Dare to Dream



In 2008, Gates told PC Magazine that ‘I really had a lot of dreams when I was a kid’. His reluctance to ever put limitations on his imagination proved invaluable when it came to launching a business in a sector as unmapped as the software industry was in the 1970s.

Gates never let fear of the unknown hold him back or constrain his ambition. It is perhaps telling that one of the early suggestions he and Allen considered for their company name was Unlimited Limited.
While it may have been Apple that coined the phrase ‘Think different’, it was a philosophy equally shared by Gates at Microsoft. ‘Our business strategy from the beginning was quite different than all the computer companies that existed when we started,’ Gates told an audience at San Jose State University in 1998. ‘We decided to focus just on doing the high-volume software, not to build hardware systems, not to do chips, just to do software …’ Strange as it might sound in this age of myriad software developers, such a move took enormous courage, but Gates did not flinch for a moment.

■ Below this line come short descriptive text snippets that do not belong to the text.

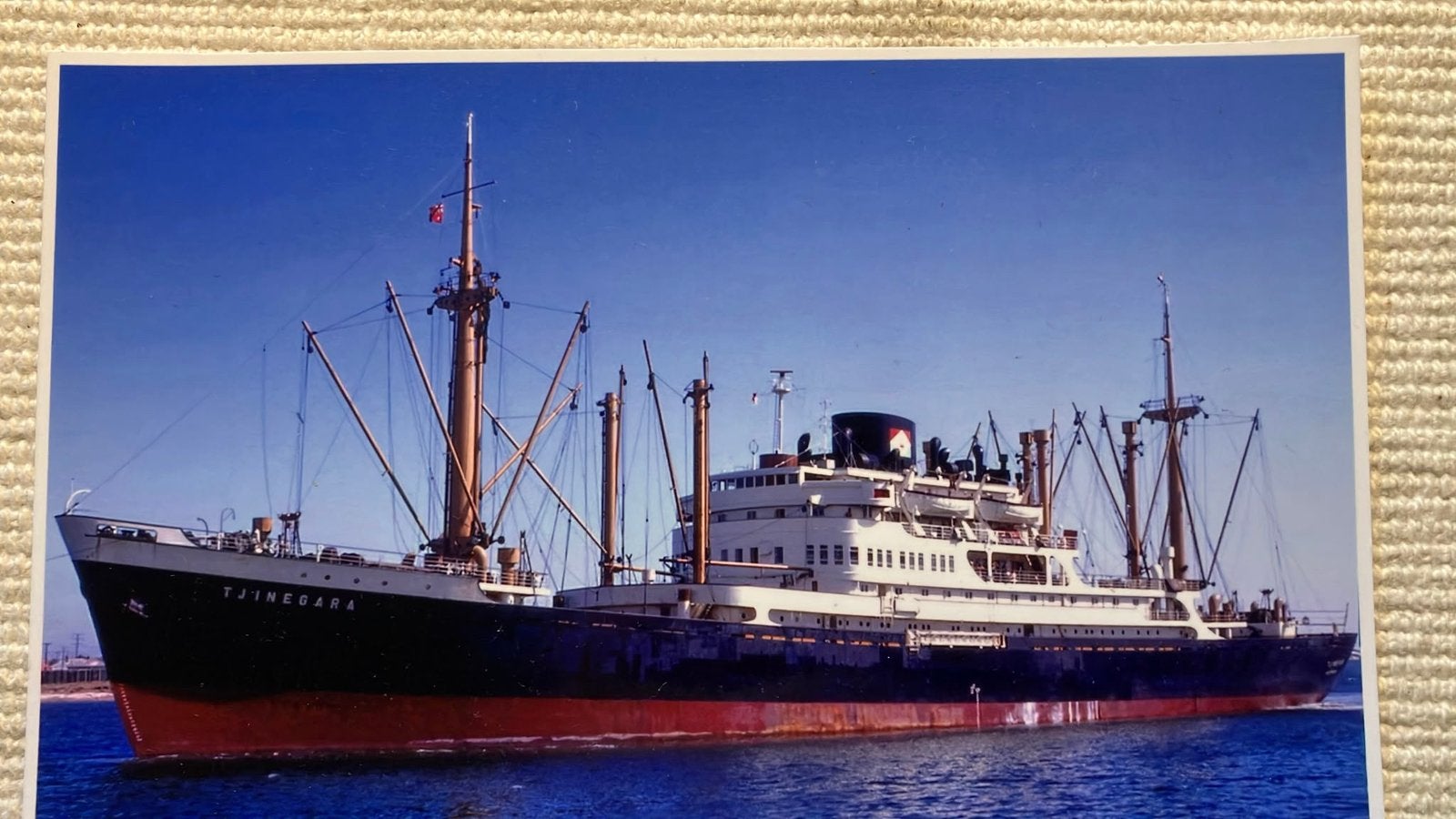 TJINEGARA   1951  KJCPL ex Straat Makassar, Ophalen of Verzenden, Zo goed als nieuw, Kaart, Foto of Prent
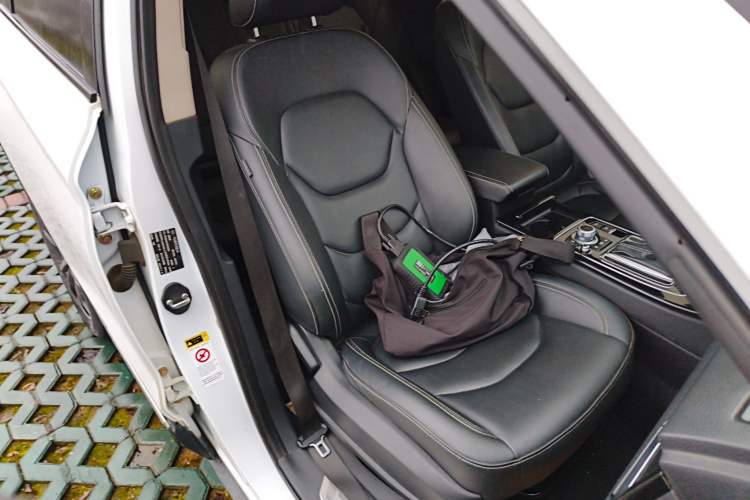 Used FAW Senya R9 2018 1.2T Automatic Luxury Smart Edition Right Front Seat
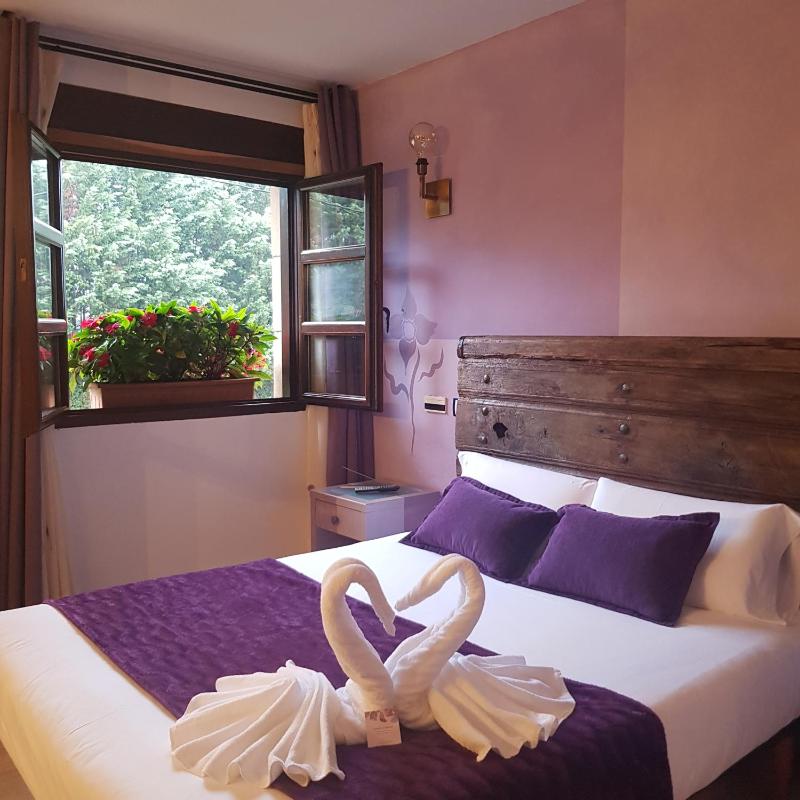 Deluxe Double Room with Hydromassage Bath image 4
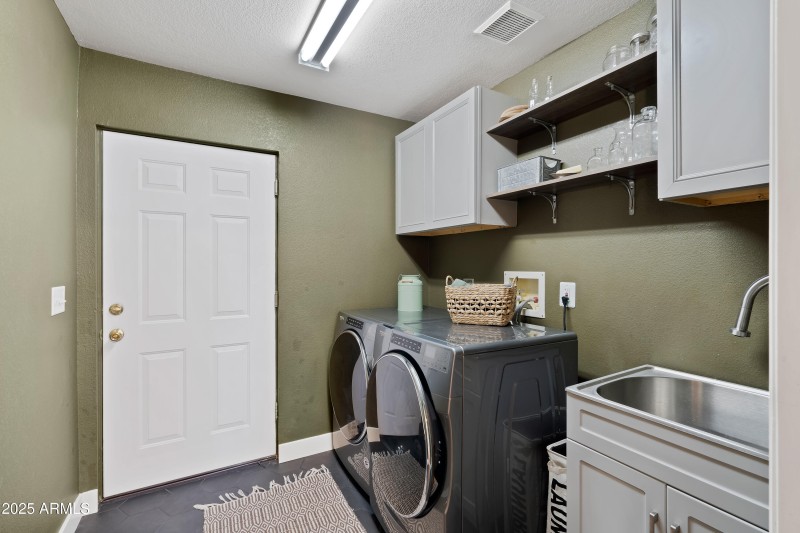 Laundry Room to Garage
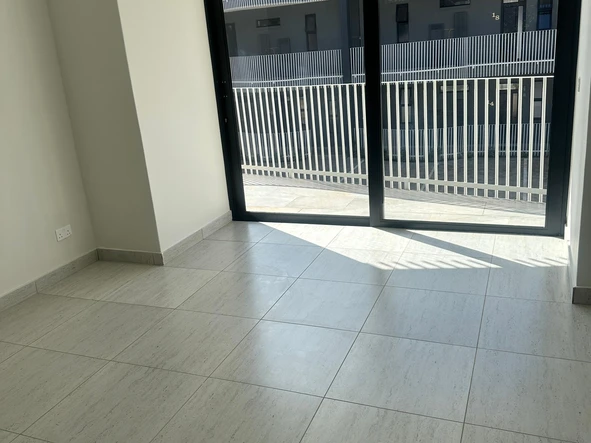 2 Bedroom Flat & Apartment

While pragmatic and occasionally ruthless in his business dealings, he did not get into the game simply to make fast bucks. Like most truly great entrepreneurs, he has always worked to a long-term strategy. In his 2008 PC Magazine interview, he continued, ‘We [Microsoft] have a longer time horizon than anyone else.’ Furthermore, although a natural businessman, he regards himself as a scientist and innovator first. In 1994, for instance, he said in an interview with Playboy magazine, ‘I devote maybe 10 per cent to business thinking. Business isn’t that complicated. I wouldn’t want to put it on my business card.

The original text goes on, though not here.